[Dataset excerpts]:

=== Section Start ===

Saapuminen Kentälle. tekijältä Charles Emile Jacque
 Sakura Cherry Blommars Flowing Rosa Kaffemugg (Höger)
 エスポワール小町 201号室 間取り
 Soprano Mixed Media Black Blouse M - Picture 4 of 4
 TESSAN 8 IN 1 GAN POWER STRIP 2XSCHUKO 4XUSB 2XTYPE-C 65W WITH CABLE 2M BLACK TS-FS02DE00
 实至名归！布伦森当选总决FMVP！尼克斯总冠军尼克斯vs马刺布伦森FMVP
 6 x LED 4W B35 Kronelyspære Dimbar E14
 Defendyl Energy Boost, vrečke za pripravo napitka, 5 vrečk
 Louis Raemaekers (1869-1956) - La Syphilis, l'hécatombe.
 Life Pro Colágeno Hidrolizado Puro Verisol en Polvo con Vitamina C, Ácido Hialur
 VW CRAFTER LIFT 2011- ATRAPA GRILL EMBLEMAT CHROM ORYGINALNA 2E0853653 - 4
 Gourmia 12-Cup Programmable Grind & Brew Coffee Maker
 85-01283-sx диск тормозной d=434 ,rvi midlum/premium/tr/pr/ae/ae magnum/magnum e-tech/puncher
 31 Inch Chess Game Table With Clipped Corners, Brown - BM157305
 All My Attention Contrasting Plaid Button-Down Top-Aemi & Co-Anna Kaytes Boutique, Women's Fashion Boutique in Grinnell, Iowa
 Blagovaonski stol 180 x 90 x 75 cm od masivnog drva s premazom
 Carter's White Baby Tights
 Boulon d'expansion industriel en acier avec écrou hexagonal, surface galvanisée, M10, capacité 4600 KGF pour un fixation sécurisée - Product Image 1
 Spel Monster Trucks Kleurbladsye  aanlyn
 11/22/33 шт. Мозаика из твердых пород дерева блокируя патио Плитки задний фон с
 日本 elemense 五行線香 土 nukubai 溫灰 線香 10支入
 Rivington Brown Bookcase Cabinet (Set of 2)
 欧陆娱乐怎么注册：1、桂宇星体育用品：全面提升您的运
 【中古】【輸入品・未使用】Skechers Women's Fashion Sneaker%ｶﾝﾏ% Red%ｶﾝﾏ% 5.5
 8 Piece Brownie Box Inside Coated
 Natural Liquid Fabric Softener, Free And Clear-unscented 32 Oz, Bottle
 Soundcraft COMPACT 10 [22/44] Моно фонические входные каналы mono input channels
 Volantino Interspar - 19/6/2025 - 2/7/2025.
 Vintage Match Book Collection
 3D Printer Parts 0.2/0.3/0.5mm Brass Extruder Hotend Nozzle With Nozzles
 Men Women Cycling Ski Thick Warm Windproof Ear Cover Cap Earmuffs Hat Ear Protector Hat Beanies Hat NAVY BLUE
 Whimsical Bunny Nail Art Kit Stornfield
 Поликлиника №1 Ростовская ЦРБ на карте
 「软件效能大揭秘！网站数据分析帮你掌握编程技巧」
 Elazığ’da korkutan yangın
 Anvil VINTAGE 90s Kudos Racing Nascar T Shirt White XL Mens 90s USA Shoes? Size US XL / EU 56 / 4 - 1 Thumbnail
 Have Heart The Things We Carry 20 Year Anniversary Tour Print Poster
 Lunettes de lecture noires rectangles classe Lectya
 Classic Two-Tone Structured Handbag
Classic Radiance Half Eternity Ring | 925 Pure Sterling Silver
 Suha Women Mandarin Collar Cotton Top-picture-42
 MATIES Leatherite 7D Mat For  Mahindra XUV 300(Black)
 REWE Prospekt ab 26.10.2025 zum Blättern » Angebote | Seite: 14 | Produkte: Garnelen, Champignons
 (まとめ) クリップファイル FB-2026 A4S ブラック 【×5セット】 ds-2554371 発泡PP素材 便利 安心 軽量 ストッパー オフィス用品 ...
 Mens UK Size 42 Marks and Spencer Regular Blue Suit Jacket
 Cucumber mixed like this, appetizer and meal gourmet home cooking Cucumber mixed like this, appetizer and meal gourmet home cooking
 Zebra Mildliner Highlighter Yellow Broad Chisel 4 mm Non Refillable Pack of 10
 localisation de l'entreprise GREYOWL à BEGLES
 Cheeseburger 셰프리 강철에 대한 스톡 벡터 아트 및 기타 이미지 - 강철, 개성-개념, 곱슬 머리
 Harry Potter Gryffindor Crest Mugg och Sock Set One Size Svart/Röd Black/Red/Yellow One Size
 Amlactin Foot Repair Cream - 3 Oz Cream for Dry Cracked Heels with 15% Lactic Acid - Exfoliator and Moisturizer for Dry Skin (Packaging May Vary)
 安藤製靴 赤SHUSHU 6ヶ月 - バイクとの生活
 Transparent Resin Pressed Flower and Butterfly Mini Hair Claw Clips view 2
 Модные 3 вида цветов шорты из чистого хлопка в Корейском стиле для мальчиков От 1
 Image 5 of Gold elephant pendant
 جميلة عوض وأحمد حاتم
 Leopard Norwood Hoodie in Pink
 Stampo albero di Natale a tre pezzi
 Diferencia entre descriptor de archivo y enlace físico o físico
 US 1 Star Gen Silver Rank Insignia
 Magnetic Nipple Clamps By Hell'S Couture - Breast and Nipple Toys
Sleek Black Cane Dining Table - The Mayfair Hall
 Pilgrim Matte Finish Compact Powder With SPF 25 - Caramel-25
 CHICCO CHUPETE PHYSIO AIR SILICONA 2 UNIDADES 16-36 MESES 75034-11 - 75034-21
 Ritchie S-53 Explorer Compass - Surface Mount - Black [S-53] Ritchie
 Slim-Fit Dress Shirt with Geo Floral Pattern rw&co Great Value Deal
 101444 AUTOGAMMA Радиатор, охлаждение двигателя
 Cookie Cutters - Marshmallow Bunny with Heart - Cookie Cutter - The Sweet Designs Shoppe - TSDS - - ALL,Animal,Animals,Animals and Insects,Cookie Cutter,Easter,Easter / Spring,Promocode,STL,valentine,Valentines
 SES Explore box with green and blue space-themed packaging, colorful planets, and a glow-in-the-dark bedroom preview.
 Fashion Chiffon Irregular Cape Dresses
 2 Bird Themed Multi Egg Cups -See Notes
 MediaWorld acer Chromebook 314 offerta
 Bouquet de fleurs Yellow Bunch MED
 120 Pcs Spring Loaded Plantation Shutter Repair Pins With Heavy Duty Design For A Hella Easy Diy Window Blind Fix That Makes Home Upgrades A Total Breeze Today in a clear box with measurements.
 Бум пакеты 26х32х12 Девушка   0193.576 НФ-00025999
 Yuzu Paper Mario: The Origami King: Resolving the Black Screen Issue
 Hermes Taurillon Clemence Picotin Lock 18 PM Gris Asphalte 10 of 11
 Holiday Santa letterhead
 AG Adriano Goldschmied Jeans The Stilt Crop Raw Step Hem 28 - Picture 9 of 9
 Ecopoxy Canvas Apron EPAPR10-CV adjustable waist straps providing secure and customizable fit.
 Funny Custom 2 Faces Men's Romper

=== Section End ===

[Exercise]: Would you output, from the records above, exactly the run of lines that starts at the line containing "Soundcraft COMPACT 10" and ends at the line containing "REWE Prospekt ab", and only that run?

[Result of this exercise]:
 Soundcraft COMPACT 10 [22/44] Моно фонические входные каналы mono input channels
 Volantino Interspar - 19/6/2025 - 2/7/2025.
 Vintage Match Book Collection
 3D Printer Parts 0.2/0.3/0.5mm Brass Extruder Hotend Nozzle With Nozzles
 Men Women Cycling Ski Thick Warm Windproof Ear Cover Cap Earmuffs Hat Ear Protector Hat Beanies Hat NAVY BLUE
 Whimsical Bunny Nail Art Kit Stornfield
 Поликлиника №1 Ростовская ЦРБ на карте
 「软件效能大揭秘！网站数据分析帮你掌握编程技巧」
 Elazığ’da korkutan yangın
 Anvil VINTAGE 90s Kudos Racing Nascar T Shirt White XL Mens 90s USA Shoes? Size US XL / EU 56 / 4 - 1 Thumbnail
 Have Heart The Things We Carry 20 Year Anniversary Tour Print Poster
 Lunettes de lecture noires rectangles classe Lectya
 Classic Two-Tone Structured Handbag
Classic Radiance Half Eternity Ring | 925 Pure Sterling Silver
 Suha Women Mandarin Collar Cotton Top-picture-42
 MATIES Leatherite 7D Mat For  Mahindra XUV 300(Black)
 REWE Prospekt ab 26.10.2025 zum Blättern » Angebote | Seite: 14 | Produkte: Garnelen, Champignons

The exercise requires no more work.